Effects of Smoking on Your Surgery

by Sara Mendez

Quitting smoking is a task which smokers fear, however they know by quitting they will be healthier. Not only does smoking have an adverse effect on the body it can also cause many serious health problems such as heart disease, cancer and COPD. Both the smoker and their doctors should put tobacco secession at the top of their lists.
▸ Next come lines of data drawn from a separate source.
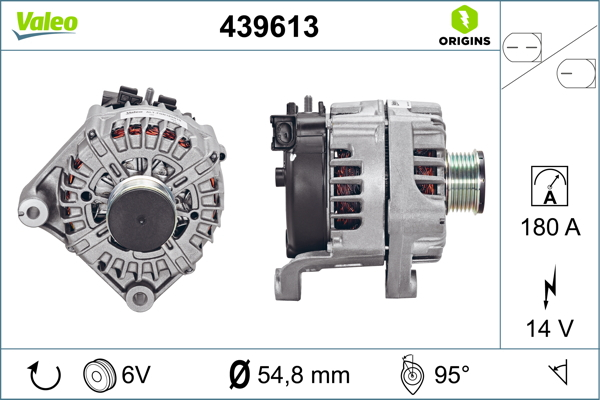 Alternator (14V, 180A) potrivit BMW 1 (E81), 1 (E82), 1 (E87), 1 (E88), 3 (E90), 3 (E91), 3 (E92), 3 (E93), 5 (E60), 5 (E61), X1 (E84), X3 (E83) 2.0D 3.0 06.04-06.15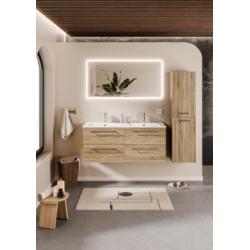 Meuble double vasque NEPTUNE 120 Bois Clair - Miroir Reflet
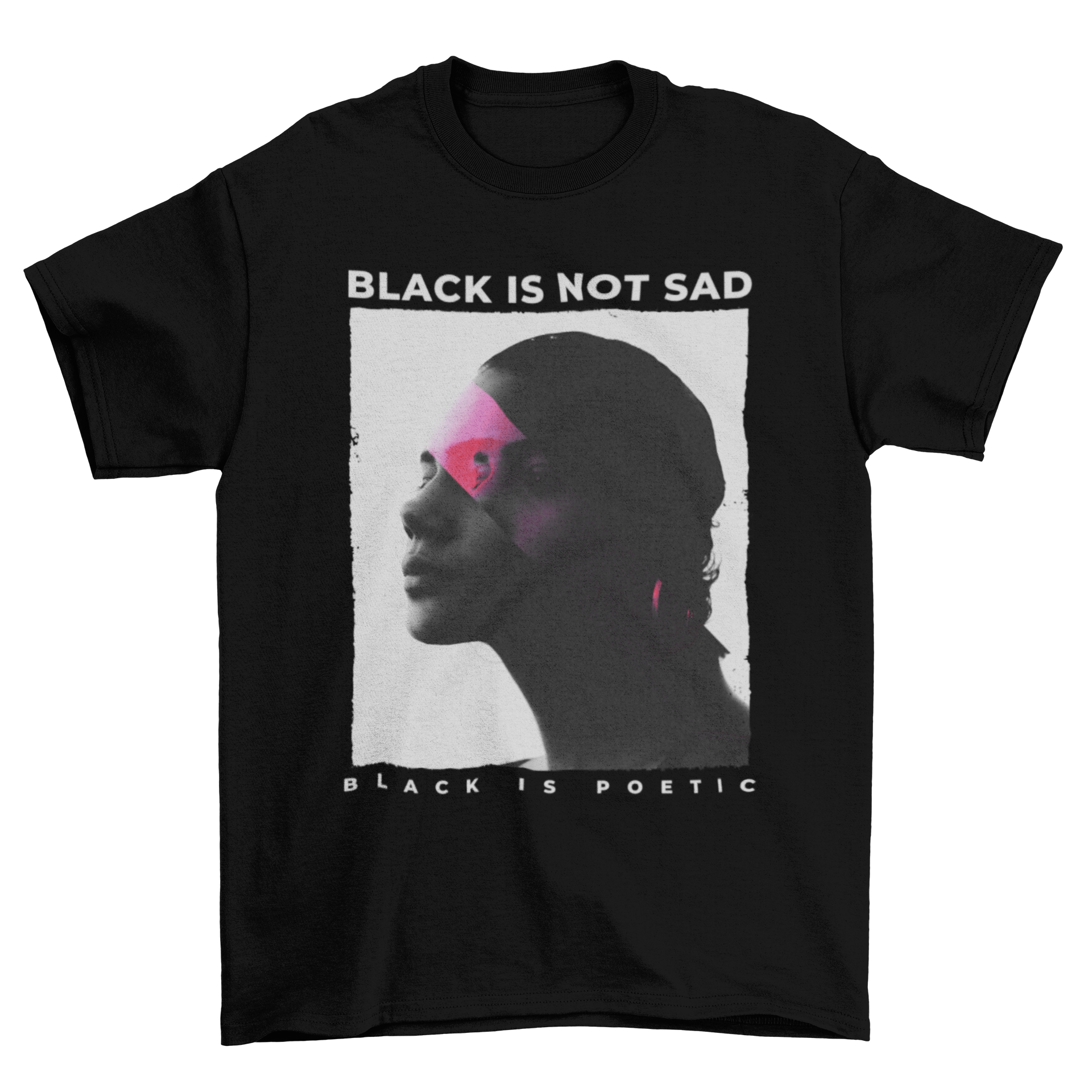 A stylish duplicate t-shirt design featuring empowering images of women and the quote 'black is not sad' in bold lettering.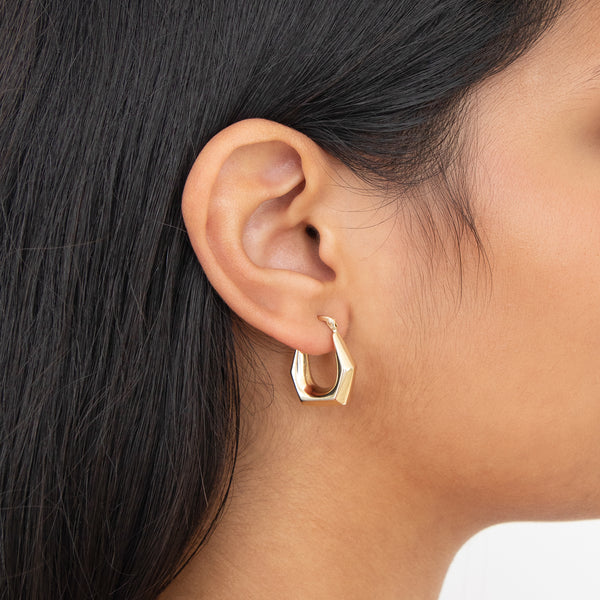 14k Yellow Gold Puffy Geometric Hoop Earrings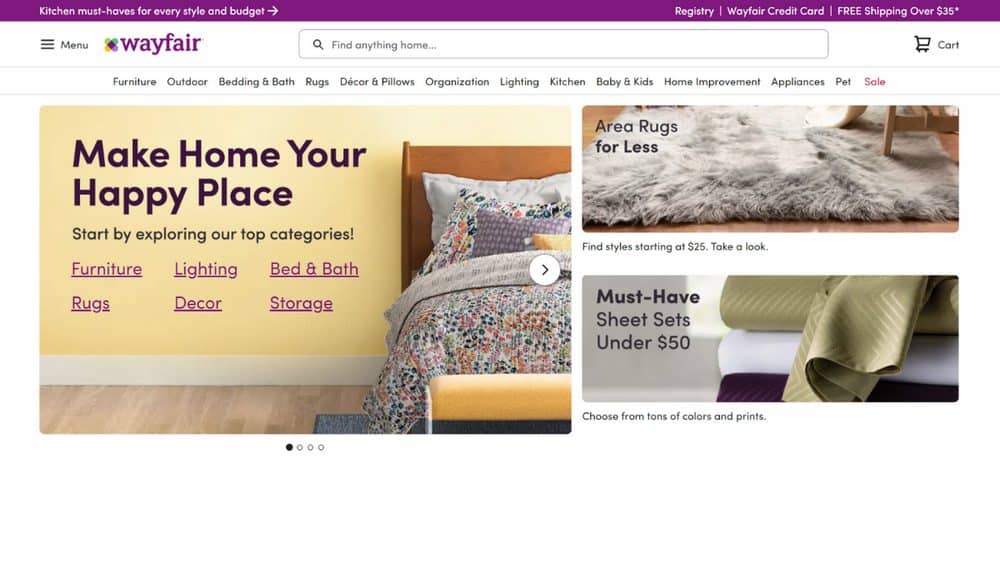 Wayfair for Facebook dropshipping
Not only do doctors fear for their patients’ health, they fear what will happen should their patient need surgery.

Certain protocols are in place to help insure the patient’s safety during surgery. Some of the more common protocols are no food or water twelve hours before and take a shower to minimize the risk of infection. For smokers there is another requirement, no smoking at least two weeks before and two weeks after. Some surgeons may even ask the patient for as long as four weeks before and after the surgery.

According to Anesthesiologyinfo.com, smoking has many seriously concerning risks which can occur during surgery. Smoking increases carbon monoxide which attaches itself to hemoglobin in the blood, decreasing the amount of oxygen getting through the body. The nicotine will make the body need more oxygen which will put stress on the heart, lungs and body which is already under distress from the anesthesia. The heart will not function properly because of the increased carbon monoxide causing the blood to no circulate as it should.

Second, the lungs are more likely to collapse because smoke causes the small airways in the lungs to not function properly as well. Smoking makes more mucus which can leak into the lungs, making the lungs unable to clear it. Smokers are more prone to bronchospasms and lung infections which can be fatal. Smoking has been linked to dozens of side effects from heart attacks to poor wound healing in surgery patients, by as many as six times more.

Leading a healthier life and having a successful surgery is something all doctors wish for their patients. Doctors do not want their patient to have complications before, during or after surgery. This is why they ask for smokers to at least take a break before going under any anesthesia. Making smoking secession a top priority is something all patients should be doing, regardless if they are having surgery or not.

Over the years, quitting has become easier. This is mainly attributed to more easily available treatments. Some of the most common treatments are found over the counter, such as the nicotine patch and gum. Some patients choose to try homeopathic treatments such as herbal remedies, acupuncture and hypnosis. Prescription drugs such as Zyban and Wellbutrin have gained popularity as well. Often treatments are combined so the patient can be as successful as possible.

The most important thing to do is talk with your physician to discuss your options and find out which plan will suit you best. Since there are many choices and options available to help you quit, there can be no more excuses. Do not wait until you need major surgery before trying to quit, quit before you get there.